Library of Congress / Getty

Singer Maria Callas, dressed in a white costume, shouts angrily at U.S. Marshal Stanley Pringle backstage after a performance of Madame Butterfly at the Civic Opera House in Chicago. Pringle was one of eight process servers who delivered two summonses to Callas. (Photo by Associated Press/Library of Congress/Corbis/VCG via Getty Images)

Maria Callas

Coinciding with her Met debut, Time ran an unflattering cover story detailing Callas’s highly tempestuous relationship with her mother and her rivalry with contemporary Renate Tibaldi. The Time profile claimed that Callas, in what was the “I don’t know her” of the 1950s, said that comparing her to Tibaldi was like comparing champagne to Coca-Cola. The reality was a shade less shady: Callas said Tibaldi was Cognac not Coke.
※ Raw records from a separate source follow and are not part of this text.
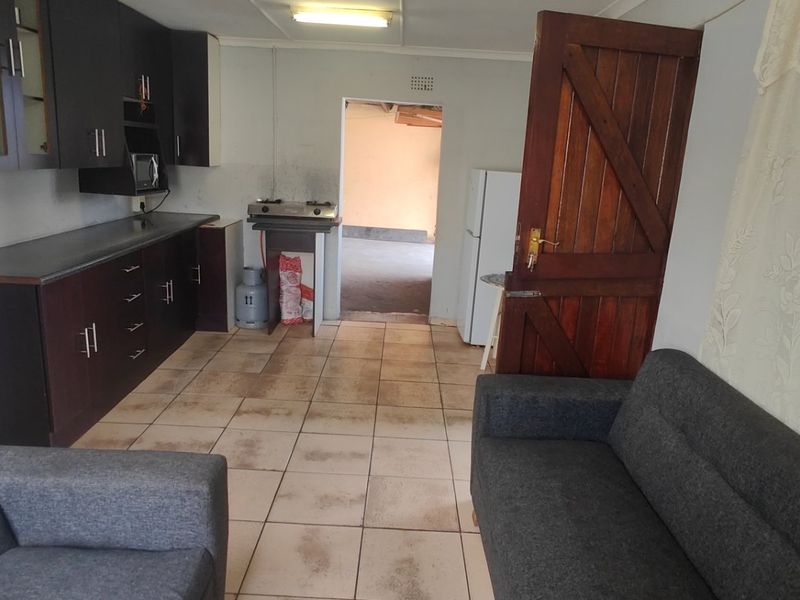 Open plan living and kitchen area featuring dark cabinetry, tiled flooring, and direct access to an adjacent utility space.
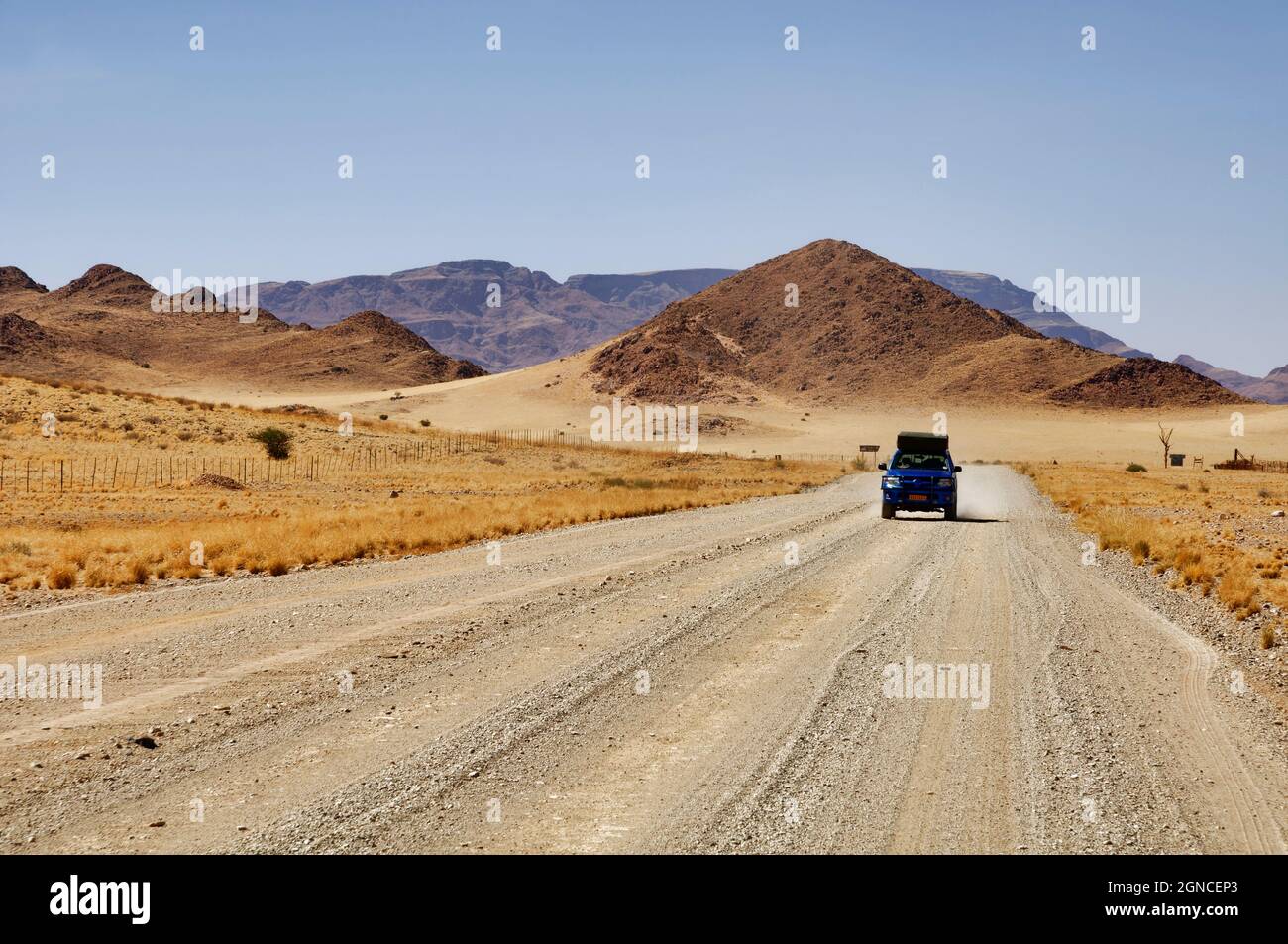 View in driving mirror: car on road C27 south of Sesriem, Namib Desert,   District, Hardap Region, Maltahöhe, Namibia Stock Photo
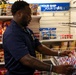 A man in a navy blue polo shirt with an emblem is stocking or organizing snack products on a display rack in what appears to be a military ship's store. The background signage reads 'YOUR SHIP YOUR STORE,' indicating this is likely a Navy ship's commissary or convenience store. The shelves behind him are stocked with various chip brands including Lay's, Fritos, Smartfood, and Doritos.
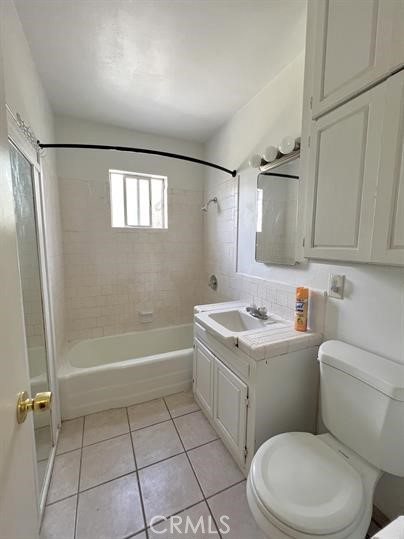33671 Beverly Drive Hemet, CA 92545 - Photo 11 of 15 a bathroom with a granite countertop toilet a sink and bathtub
The latter came from a bystander, but Time ran with the fizzier quote.

Callas was not as technical a singer as Tibaldi but instead was celebrated for her interpretation, her intensity, and her dramatic performance. But diva devotees often treat their favorites like Highlander: there can only be one. The two women were actually respectful, even admiring, of one another, and didn’t have comparable voices—Callas was a dramatic soprano, Tibaldi a lyric soprano, and they had different styles of singing. Still, they were pitted against one another, just as Whitney and Mariah had been, just as Brandy and Monica had been, just as Britney and Christina had been, just as Rihanna and Beyoncé, etc, etc, until the end of diva time.
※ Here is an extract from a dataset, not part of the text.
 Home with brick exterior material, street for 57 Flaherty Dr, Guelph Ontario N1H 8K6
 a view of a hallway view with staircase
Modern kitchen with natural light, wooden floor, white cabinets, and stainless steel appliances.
This period in her career also marked the beginning of Callas’s vocal decline, which some say was the result of a dramatic 80-lb weight loss between 1953 and 1954. However, theories surrounding this decline abound, with the strenuous nature of her early performances also carrying a certain toll. But female singers, much more so than their male counterparts, are often expected to be superhuman, and remain so throughout their careers.

From Judy Garland to Aretha Franklin to Whitney Houston to Mariah Carey, if you were ever a transcendent vocalist, you always had to be a transcendent vocalist, regardless of the limitations of your instrument or the human body or the caprices of human frailty, let alone other factors such as temperature and air quality that can affect the voice. Aretha famously requested that the air conditioning be turned off to protect her vocal chords but when the Queen of Soul arrived to rehearse for 1998’s VH1's Divas Live performance, she walked off the stage and threatened to pull out of the show because the air conditioner had been left running. None other than noted level-headed pragmatist Mariah Carey had to talk the Queen off the ledge.

Carey, herself, is no stranger to speculation about the quality of her voice, or lack thereof. Having performed dizzying vocal acrobatics in the early stages of her career, detractors eagerly await any signs that Mimi won't be able to emancipate those high notes, figurative bunches of carrots and heads of lettuce at the ready. When a diva can no longer entertain, or at least not at the level to which their audience has grown accustom, it’s like carte blanche to hold them accountable for their questionable behavior, to air the resentment built up over years of demands and diatribes. The press and the public seem to love nothing more than delighting in the downfall of a woman considered too big for her britches.

But as McNally notes, no one “detests” Callas today. She “has been deified transformed almost beyond recognition” from that snarling Tigress to The Divine, once again. Which just goes to show once you’re dead, or if you just hang around long enough, public opinion automatically shifts in your favor. Diana Ross, once the glamorous and controlling diva who “demanded” to be called “Miss Ross” is now a relatable grandma who leaves her fanny pack at Marshalls. Whitney Houston, long a punchline for her drug use and erratic behavior, is the subject of no shortage of documentaries that absolve her of her sins, that is, daring to be human. Maria Callas spent her final years living in isolation in Paris before dying of a heart attack, her operatic heyday far behind her at the tender age of 53. It’s just too sad that women who are vilified and victimized in life miss out on the flowers laid upon their legacy. Maria Callas’s legacy, however, has come to define what a modern diva is, for better and for worse.